Die neue Leiterin der Generali Foundation zeigt ihre erste Schau: "Un Coup de Dés"

Buchstaben wie Wasserfälle

Was ist die Wahrheit? Die Künstlerin Ana Torfsist greift die Pilatus-Frage in ihrem Werk

Was ist die Wahrheit? Die Künstlerin Ana Torfsist greift die Pilatus-Frage in ihrem Werk "Toast" auf. Foto: Ana Torfs

Von Brigitte Borchhardt-Birbaumer

Aufzählung Schon gespannt warteten Kunstkiebitze auf die erste Schau der neu ernannten Leiterin der Generali Foundation, Sabine Folie.

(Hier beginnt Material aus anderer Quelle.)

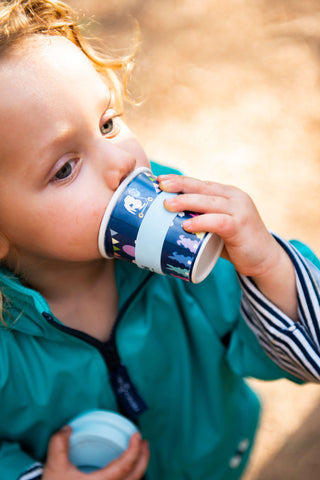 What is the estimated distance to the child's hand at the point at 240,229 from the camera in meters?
1.02

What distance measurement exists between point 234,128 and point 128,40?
2.97ft

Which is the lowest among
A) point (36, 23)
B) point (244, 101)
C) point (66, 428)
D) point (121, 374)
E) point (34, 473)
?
point (34, 473)

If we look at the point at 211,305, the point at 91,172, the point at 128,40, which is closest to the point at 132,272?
the point at 211,305

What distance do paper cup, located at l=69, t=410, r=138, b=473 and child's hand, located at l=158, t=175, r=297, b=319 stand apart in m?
0.46

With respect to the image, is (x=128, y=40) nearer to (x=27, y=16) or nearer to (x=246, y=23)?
(x=246, y=23)

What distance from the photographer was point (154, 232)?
993 millimetres

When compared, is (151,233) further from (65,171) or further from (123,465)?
(123,465)

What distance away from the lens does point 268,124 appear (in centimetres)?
278

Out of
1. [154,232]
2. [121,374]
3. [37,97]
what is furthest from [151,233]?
[121,374]

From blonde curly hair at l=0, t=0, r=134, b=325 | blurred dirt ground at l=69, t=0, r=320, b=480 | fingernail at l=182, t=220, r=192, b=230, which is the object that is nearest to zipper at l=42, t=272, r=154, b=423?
blonde curly hair at l=0, t=0, r=134, b=325

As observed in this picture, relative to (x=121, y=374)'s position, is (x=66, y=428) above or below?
below

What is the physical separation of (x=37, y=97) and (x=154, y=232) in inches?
12.9

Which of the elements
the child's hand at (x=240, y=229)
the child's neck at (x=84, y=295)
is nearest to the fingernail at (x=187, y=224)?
the child's hand at (x=240, y=229)

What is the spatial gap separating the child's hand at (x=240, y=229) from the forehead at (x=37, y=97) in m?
0.22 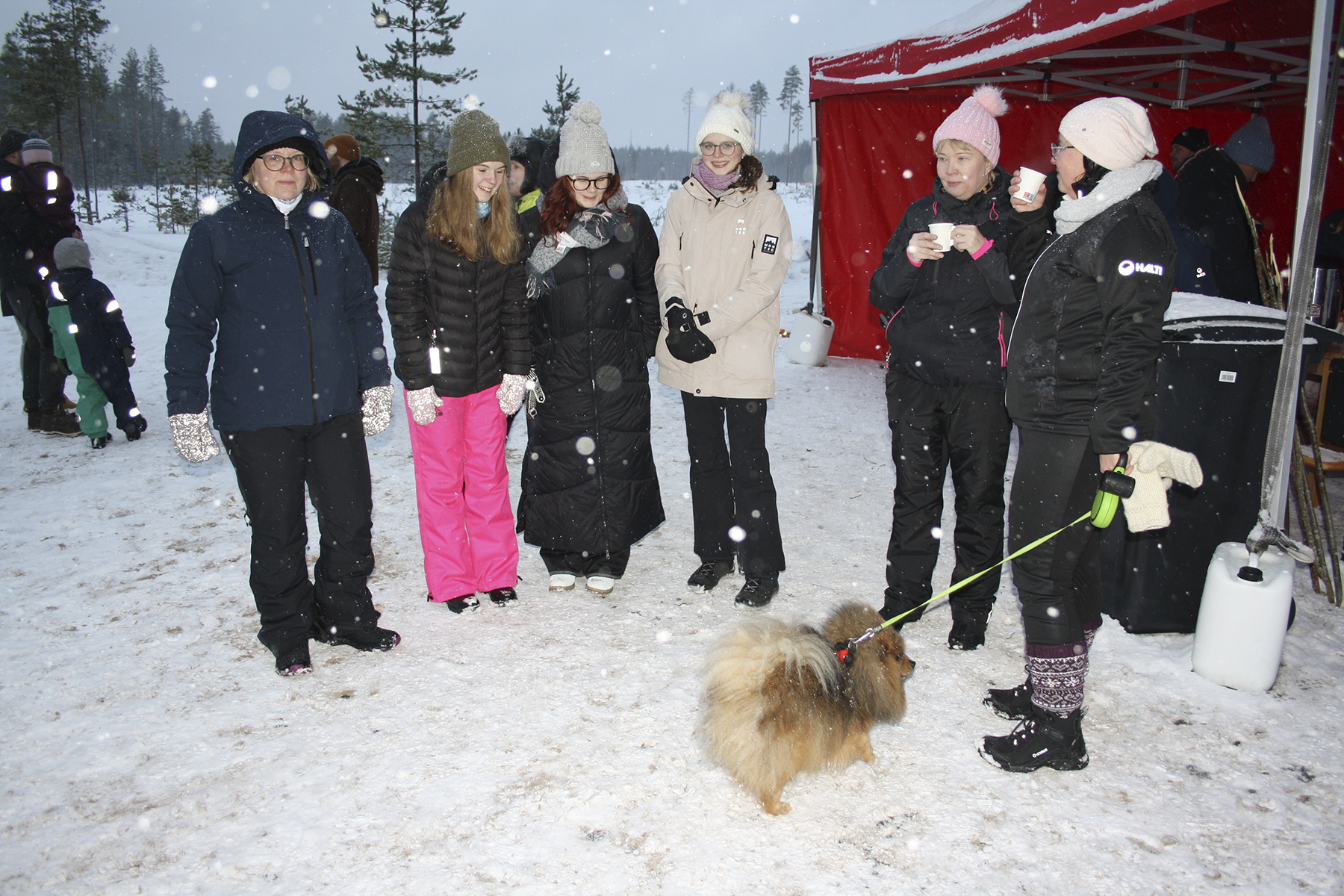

Der Abschied ihrer Vorgängerin Sabine Breitwieser, die auch Gründerin der Sammlung ist, hätte eine Last werden können.

Erst im Februar angetreten, hat Folie nun ihre Würfel ausgeworfen. Der Spagat zwischen Referenz an bereits vorhandene Exponate von hoher Qualität und dem sofortigen Einbringen fehlender Kunstwerke ist auf durchaus hohem Niveau gelungen. Durch eine Anhebung des Ankaufsbudgets konnten wichtige Objekte schon vorweg aus "Un Coup de Dés" angekauft werden.

Für das Publikum ist es ein erfreulicher Start. Bei einem konzeptuellen Thema wie Kunst und Sprache könnte schnell Theorielastigkeit den Augenschmaus verderben. Zu Unrecht: Dem Lesevergnügen mit Gerhard Rühm, Ian Wallace oder Dominik Steiger in Vitrinen in der Eingangshalle folgt ein opulentes Bespielen der beiden Haupthallen mit Installationen, Filmen und Diashows. Hier zeigt sich, dass Sprachwitz – und sei er scheinbar auch noch so unsinnig – seit der Antike auch Antriebsfeder für bildende Künstler ist.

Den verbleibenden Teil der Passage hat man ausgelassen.